§ RECORDS SUPPLIED:
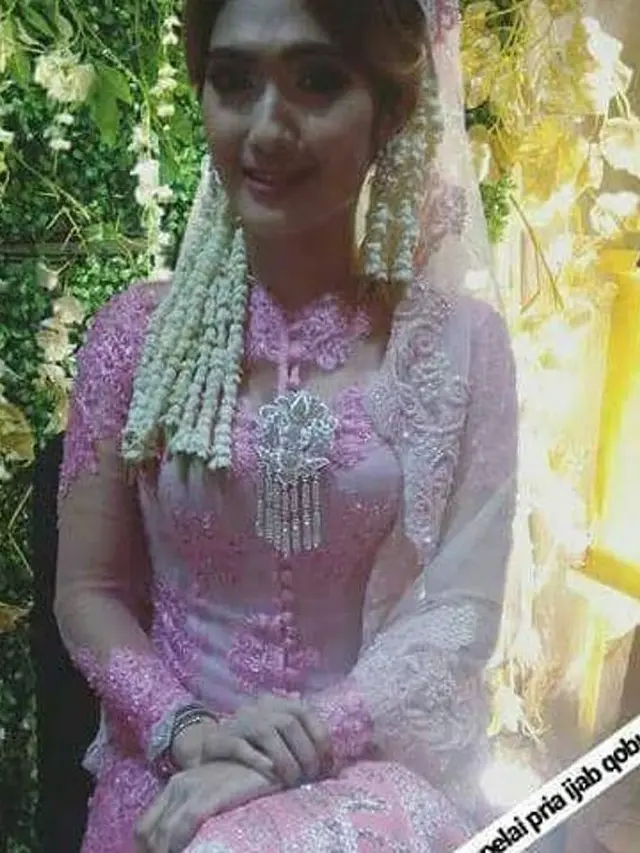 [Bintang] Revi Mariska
--
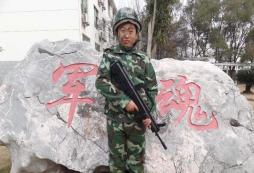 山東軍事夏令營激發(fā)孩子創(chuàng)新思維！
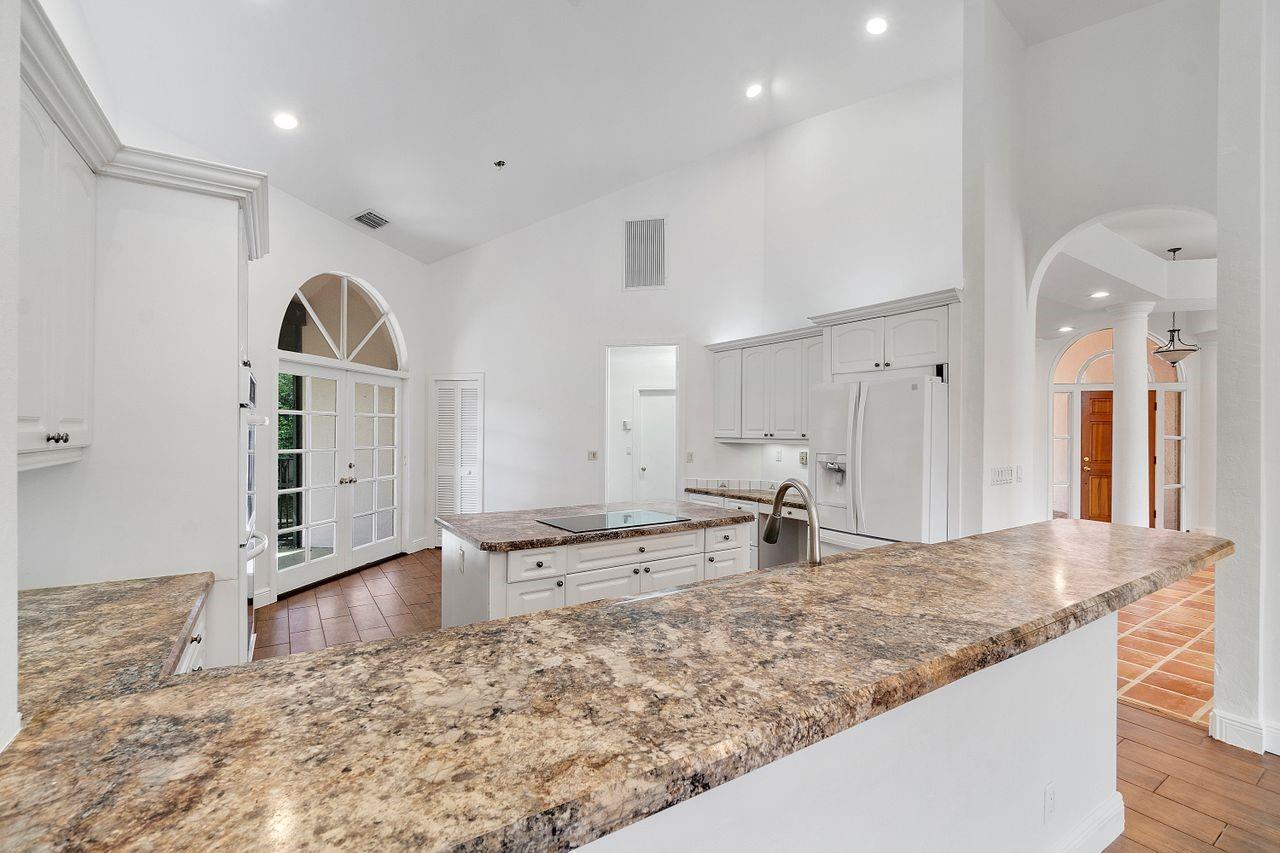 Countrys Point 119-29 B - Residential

§ WHAT NEEDS TO BE DONE: Using the data above, print only the lines starting at the one with "山東軍事夏令營激發(fā)孩子創(chuàng)新思維！" and ending at the one with "Countrys Point 119-29 B - Residential", exactly as they stand, minus the pictures.

§ ANSWER SPACE:
 山東軍事夏令營激發(fā)孩子創(chuàng)新思維！
 Countrys Point 119-29 B - Residential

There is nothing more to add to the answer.